Шрифт:
Интервал:
Закладка:
Роберт Хьюз, художественный критик журнала «Тайм», сказал ему по телефону, что, после того как он увидел самолеты над нью-йоркским Сохо, он ходил по городу потрясенный. По пути домой зашел в булочную и увидел пустые полки. Все было раскуплено до последнего бублика, и старый булочник, стоя среди этой пустоты, картинно развел руками. «Вот бы каждый день такое!» — сказал он.
В Лондоне его супружеские проблемы выглядели теперь малозначительными. Элизабет ненадолго смягчилась и позволила Милану пожить на Пембридж-Мьюз. Он забирал сына из подготовительной школы, кормил, мыл ему голову, укладывал спать и потом целый час стоял над ним и смотрел, как он спит. Когда он вернулся из Америки, Милан долго, крепко обнимал его, и Зафар тоже был физически менее сдержанным, чем обычно. Прав был психолог: хоть они знали «знающей» частью мозга, что он даже не был в Нью-Йорке и потому, ясное дело, цел и невредим, им нужно было зримое свидетельство.
Французский еженедельник «Нувель обсерватёр» и лондонская «Гардиан» назвали его роман предвосхитившим события, даже пророческим. Но он не был пророком — он так и сказал одному журналисту. В свое время у него возникли кое-какие проблемы с пророками, и никакого желания наниматься на эту работу он не испытывал. И все же странно: почему эта книга так настойчиво требовала, чтобы он ее написал, и написал немедленно? И откуда они взялись, эти яростные фурии, то парящие над Нью-Йорком, то орудующие в сердце героя книги?

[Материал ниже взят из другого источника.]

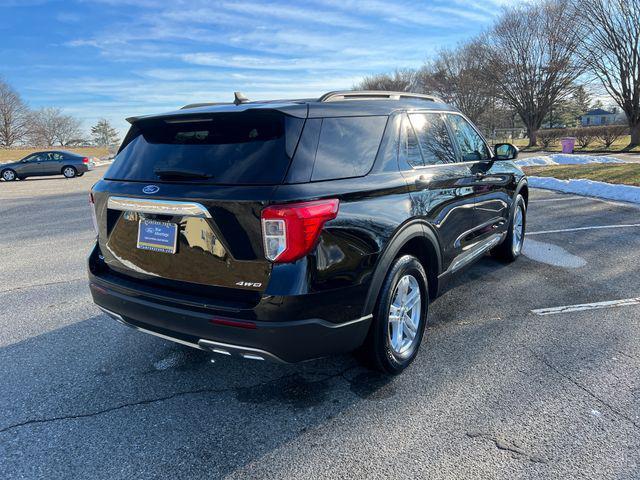 used 2023 Ford Explorer car, priced at $35,000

Его просили что-нибудь написать — новостей на темы, по которым он мог высказаться, и правда было достаточно, права оказалась Глория Андерсон, — но он молчал две недели после теракта. Многое, что говорилось и писалось по горячим следам, казалось ему излишним. Ужас видели все, и людям можно было не рассказывать, что им следует чувствовать по поводу случившегося. Потом, медленно, его мысли сплавились в нечто единое. «Фундаменталисты стремятся разрушить куда больше, чем просто здания, — писал он. — Такие люди — противники, если ограничиться самым кратким перечнем, свободы слова, многопартийной политической системы, всеобщего избирательного права для взрослых, ответственности правительства перед народом, евреев, гомосексуалистов, равноправия женщин, плюрализма, секуляризма, коротких юбок, танцев, бритья бород, теории эволюции секса… Фундаменталист убежден, что мы ни во что не верим. Согласно его видению мира, он располагает непреложными истинами, тогда как мы погрязли в сибаритстве, в потворстве своим прихотям. Чтобы доказать ему, что он ошибается, мы должны прежде всего знать, что он ошибается. Мы должны прийти к согласию по значимым вопросам: по поводу поцелуев в общественных местах, сэндвичей с беконом, несогласия, переднего края моды, литературы, великодушия, воды, более справедливого распределения мировых ресурсов, кино, музыки, свободомыслия, красоты, любви. Все это будет нашим оружием. Чтобы их победить, мы должны не развязывать войну, а бесстрашно жить своей жизнью. Как победить терроризм? Не давать себя запугать. Не позволять страху управлять своей жизнью. Даже если тебе страшно».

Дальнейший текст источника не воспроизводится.